Choosing between term and whole life insurance
Term life is sufficient for most families who need life insurance, but whole life and other forms of permanent coverage can be useful in certain situations.

Term life is a good choice if:

  • You need life insurance only to cover a certain period, such as the years you’re raising children or paying off your mortgage.
  • You want the most affordable coverage.
  • You think you might want permanent life insurance, but can’t afford it. Most term life policies are convertible to permanent coverage. The deadline for conversion varies by policy.

Whole life, or another type of permanent insurance, is worth considering if you need coverage for the rest of your life, for example:

  • You want to provide money for your heirs to pay estate taxes. In 2016, estates worth more than $5.45 million per individual and $10.9 million per couple are subject to federal estate taxes.

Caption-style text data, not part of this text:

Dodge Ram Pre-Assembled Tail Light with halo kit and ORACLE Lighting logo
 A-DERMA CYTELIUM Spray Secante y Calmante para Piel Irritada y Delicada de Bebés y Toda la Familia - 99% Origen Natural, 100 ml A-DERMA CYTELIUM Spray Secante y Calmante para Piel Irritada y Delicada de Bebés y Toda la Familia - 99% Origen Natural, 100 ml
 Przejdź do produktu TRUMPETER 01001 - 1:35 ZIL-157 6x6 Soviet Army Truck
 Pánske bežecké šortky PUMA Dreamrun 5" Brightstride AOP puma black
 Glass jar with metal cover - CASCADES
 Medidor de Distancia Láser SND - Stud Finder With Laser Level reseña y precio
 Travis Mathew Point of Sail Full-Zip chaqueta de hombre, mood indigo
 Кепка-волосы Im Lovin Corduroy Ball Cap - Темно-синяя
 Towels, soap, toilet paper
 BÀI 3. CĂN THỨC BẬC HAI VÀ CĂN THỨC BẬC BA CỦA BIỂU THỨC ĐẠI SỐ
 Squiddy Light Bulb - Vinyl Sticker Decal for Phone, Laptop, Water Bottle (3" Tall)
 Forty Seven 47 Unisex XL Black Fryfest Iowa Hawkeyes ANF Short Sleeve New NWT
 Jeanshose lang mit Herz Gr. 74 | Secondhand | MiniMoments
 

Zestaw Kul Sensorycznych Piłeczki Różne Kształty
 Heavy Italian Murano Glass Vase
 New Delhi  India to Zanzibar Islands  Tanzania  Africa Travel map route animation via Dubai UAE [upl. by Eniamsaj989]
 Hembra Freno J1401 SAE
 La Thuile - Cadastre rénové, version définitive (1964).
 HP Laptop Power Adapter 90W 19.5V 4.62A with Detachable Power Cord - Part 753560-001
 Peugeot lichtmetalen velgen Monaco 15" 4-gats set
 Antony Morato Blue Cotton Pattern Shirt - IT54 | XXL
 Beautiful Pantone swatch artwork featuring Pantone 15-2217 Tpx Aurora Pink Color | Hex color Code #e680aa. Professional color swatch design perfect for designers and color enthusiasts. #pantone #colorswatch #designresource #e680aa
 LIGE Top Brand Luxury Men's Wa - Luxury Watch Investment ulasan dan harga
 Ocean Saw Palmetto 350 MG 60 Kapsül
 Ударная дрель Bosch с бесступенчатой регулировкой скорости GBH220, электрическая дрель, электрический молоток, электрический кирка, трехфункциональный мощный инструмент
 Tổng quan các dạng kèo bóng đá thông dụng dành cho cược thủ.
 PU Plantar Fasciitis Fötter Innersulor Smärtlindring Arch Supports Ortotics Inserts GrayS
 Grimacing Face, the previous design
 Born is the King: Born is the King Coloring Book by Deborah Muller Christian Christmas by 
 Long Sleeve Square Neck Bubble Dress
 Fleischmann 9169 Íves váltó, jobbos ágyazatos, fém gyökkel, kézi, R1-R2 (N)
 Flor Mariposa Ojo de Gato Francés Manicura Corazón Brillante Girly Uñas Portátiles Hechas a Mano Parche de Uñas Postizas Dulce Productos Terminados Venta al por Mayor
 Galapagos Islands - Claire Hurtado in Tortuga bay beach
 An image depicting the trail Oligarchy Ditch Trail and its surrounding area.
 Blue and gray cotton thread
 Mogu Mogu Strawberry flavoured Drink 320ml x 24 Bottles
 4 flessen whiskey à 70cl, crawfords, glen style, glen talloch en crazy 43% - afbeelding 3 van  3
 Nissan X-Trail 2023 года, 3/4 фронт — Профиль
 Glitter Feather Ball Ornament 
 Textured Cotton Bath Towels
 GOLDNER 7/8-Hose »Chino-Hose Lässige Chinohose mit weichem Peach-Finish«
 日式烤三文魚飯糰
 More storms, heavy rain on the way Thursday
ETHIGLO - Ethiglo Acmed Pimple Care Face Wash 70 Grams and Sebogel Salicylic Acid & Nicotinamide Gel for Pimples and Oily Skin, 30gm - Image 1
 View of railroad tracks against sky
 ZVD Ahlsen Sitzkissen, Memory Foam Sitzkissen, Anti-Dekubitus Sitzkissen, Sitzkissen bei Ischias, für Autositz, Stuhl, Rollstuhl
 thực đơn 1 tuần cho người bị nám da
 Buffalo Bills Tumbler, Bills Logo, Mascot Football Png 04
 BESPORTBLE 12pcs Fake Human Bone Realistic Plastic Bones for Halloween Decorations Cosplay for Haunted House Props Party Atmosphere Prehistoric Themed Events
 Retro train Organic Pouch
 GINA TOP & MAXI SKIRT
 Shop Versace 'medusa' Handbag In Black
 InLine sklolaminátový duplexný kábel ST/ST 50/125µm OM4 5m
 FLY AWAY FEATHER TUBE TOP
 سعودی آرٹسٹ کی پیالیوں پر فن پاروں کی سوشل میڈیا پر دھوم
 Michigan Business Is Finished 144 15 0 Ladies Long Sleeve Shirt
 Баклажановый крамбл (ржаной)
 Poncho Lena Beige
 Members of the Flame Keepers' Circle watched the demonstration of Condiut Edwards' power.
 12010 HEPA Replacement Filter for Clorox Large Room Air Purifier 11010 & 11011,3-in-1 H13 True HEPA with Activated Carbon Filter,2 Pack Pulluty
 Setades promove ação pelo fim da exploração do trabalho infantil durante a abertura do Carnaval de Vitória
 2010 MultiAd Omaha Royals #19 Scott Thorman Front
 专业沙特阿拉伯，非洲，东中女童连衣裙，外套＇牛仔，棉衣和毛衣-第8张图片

Without a life insurance payout, your heirs might be forced to sell off parts of the estate, such as heirlooms or property, to pay the tax bill.
  • You have a lifelong dependent, such as a child with special needs. Life insurance can fund a special needs trust to provide care for your child after you’re gone. Consult with an attorney and financial advisor if you want to set up a trust.
  • You want to spend your retirement savings and still leave a legacy or money for final expenses, such as funeral costs. With a whole life policy, your beneficiaries are guaranteed a payout.
  • You want to equalize inheritances. If you plan to leave a business or other property to one child, you could use whole life insurance to compensate your other children.